2-Approximation for Prize-Collecting Steiner Forest
Ali Ahmadi, Iman Gholami, MohammadTaghi Hajiaghayi, Peyman Jabbarzade, Mohammad Mahdavi
TL;DR
The paper studies the prize-collecting Steiner forest problem (PCSF), a generalization of Steiner forest with penalties for unmet demands. It develops a combinatorial, coloring-based framework that yields a deterministic polynomial-time $2$-approximation, improving the prior $2.54$-approximation and circumventing the known integrality-gap barrier of the natural LP. The core method blends static and dynamic coloring, supported by a SetPairGraph and max-flow computations to bridge colorings with pair demands, first achieving a $3$-approximation (PCSF3) and then an iterative scheme (IPCSF) that attains the $2$-approximation, with prospects for a tighter bound approaching $2-rac{1}{n}$. This advances the practical understanding of PCSF and aligns its approximation quality with that of the Steiner forest problem, highlighting a robust, purely combinatorial approach to prize-collecting network design.
Abstract
Approximation algorithms for the prize-collecting Steiner forest problem (PCSF) have been a subject of research for over three decades, starting with the seminal works of Agrawal, Klein, and Ravi and Goemans and Williamson on Steiner forest and prize-collecting problems.
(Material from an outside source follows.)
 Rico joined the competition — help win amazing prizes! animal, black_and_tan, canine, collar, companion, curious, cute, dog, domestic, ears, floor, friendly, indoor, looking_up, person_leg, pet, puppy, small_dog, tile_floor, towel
In this paper, we propose and analyze a natural deterministic algorithm for PCSF that achieves a $2$-approximate solution in polynomial time. This represents a significant improvement compared to the previously best known algorithm with a $2.54$-approximation factor developed by Hajiaghayi and Jain in 2006. Furthermore, K{ö}nemann, Olver, Pashkovich, Ravi, Swamy, and Vygen have established an integrality gap of at least $9/4$ for the natural LP relaxation for PCSF. However, we surpass this gap through the utilization of a combinatorial algorithm and a novel analysis technique. Since $2$ is the best known approximation guarantee for Steiner forest problem, which is a special case of PCSF, our result matches this factor and closes the gap between the Steiner forest problem and its generalized version, PCSF.